#### ASSIGNED TASK
The copy should hold exactly the lines below from the one that contains "gut geschnittene Hochhauswohnung, mit" through the one that contains "OnlyFans - That" and nothing else, so no pictures.

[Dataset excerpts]
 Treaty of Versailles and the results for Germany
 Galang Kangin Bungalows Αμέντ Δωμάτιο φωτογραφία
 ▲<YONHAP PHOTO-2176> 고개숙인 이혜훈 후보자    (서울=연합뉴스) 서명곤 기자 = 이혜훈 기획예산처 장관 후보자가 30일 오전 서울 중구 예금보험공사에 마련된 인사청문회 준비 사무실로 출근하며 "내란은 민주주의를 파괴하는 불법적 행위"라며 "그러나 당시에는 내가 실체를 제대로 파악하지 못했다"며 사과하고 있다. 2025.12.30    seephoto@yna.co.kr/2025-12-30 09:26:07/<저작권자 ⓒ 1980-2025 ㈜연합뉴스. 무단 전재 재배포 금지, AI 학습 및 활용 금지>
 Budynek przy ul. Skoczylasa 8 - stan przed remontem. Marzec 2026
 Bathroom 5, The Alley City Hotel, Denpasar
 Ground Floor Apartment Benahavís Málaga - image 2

==

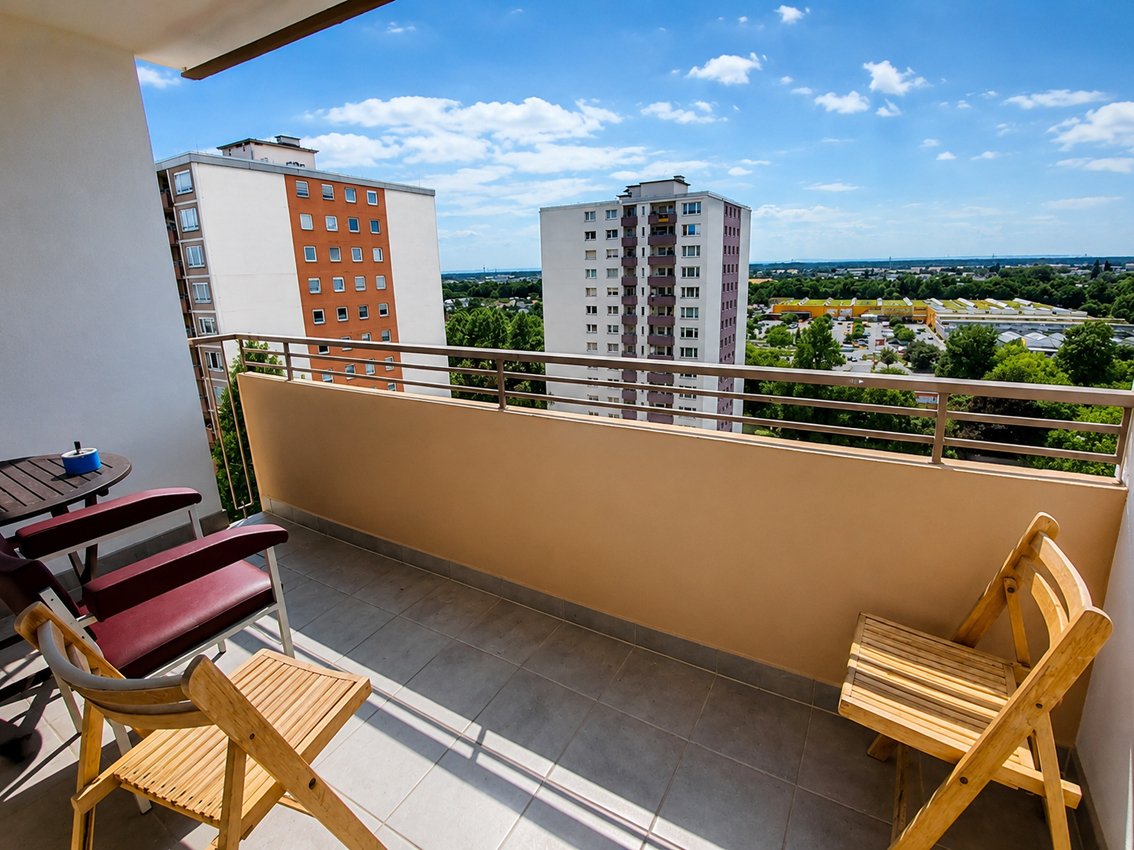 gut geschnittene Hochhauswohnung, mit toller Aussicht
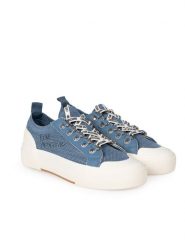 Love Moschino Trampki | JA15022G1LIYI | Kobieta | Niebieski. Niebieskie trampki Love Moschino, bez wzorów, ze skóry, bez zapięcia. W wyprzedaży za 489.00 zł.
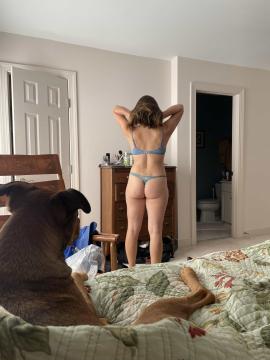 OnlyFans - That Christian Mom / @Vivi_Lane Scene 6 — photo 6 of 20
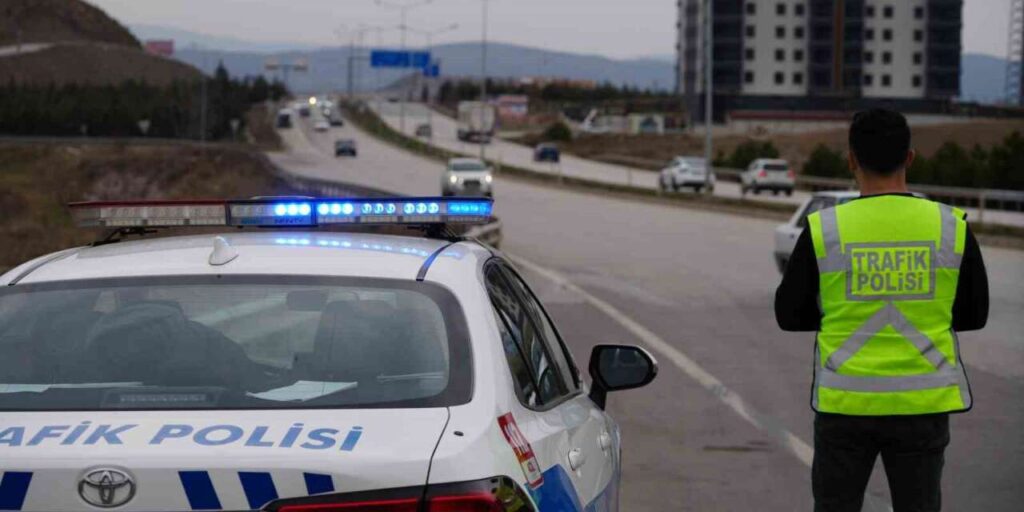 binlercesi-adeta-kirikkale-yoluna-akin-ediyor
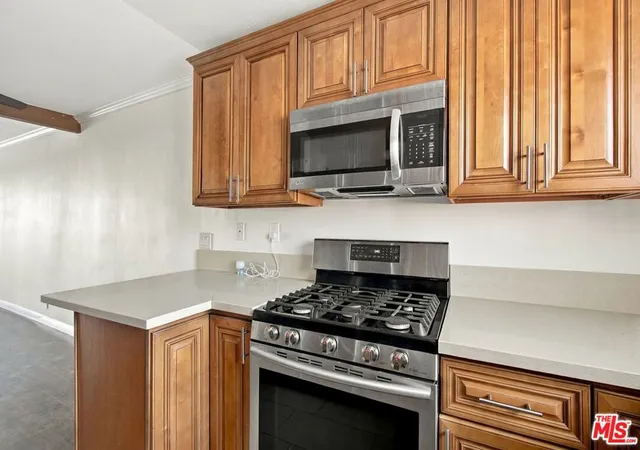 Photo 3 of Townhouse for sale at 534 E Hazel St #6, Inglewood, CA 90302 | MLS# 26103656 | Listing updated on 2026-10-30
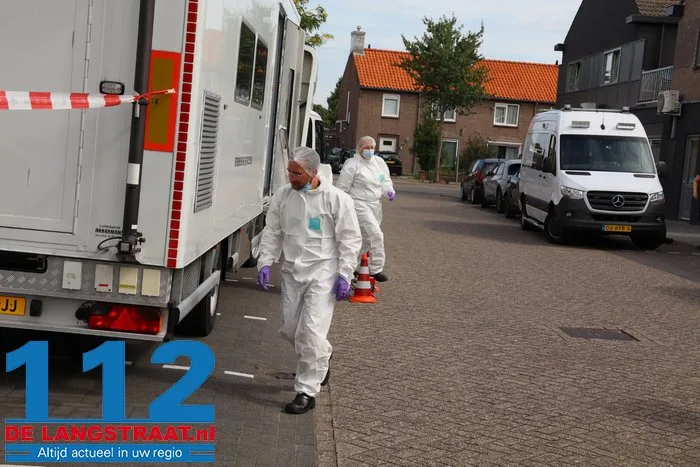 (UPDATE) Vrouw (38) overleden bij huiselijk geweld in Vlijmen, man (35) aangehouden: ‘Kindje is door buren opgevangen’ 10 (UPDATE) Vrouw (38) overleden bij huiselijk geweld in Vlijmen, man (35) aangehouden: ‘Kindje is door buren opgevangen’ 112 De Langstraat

#### SOLUTION FOR THIS EXERCISE
 gut geschnittene Hochhauswohnung, mit toller Aussicht
 Love Moschino Trampki | JA15022G1LIYI | Kobieta | Niebieski. Niebieskie trampki Love Moschino, bez wzorów, ze skóry, bez zapięcia. W wyprzedaży za 489.00 zł.
 OnlyFans - That Christian Mom / @Vivi_Lane Scene 6 — photo 6 of 20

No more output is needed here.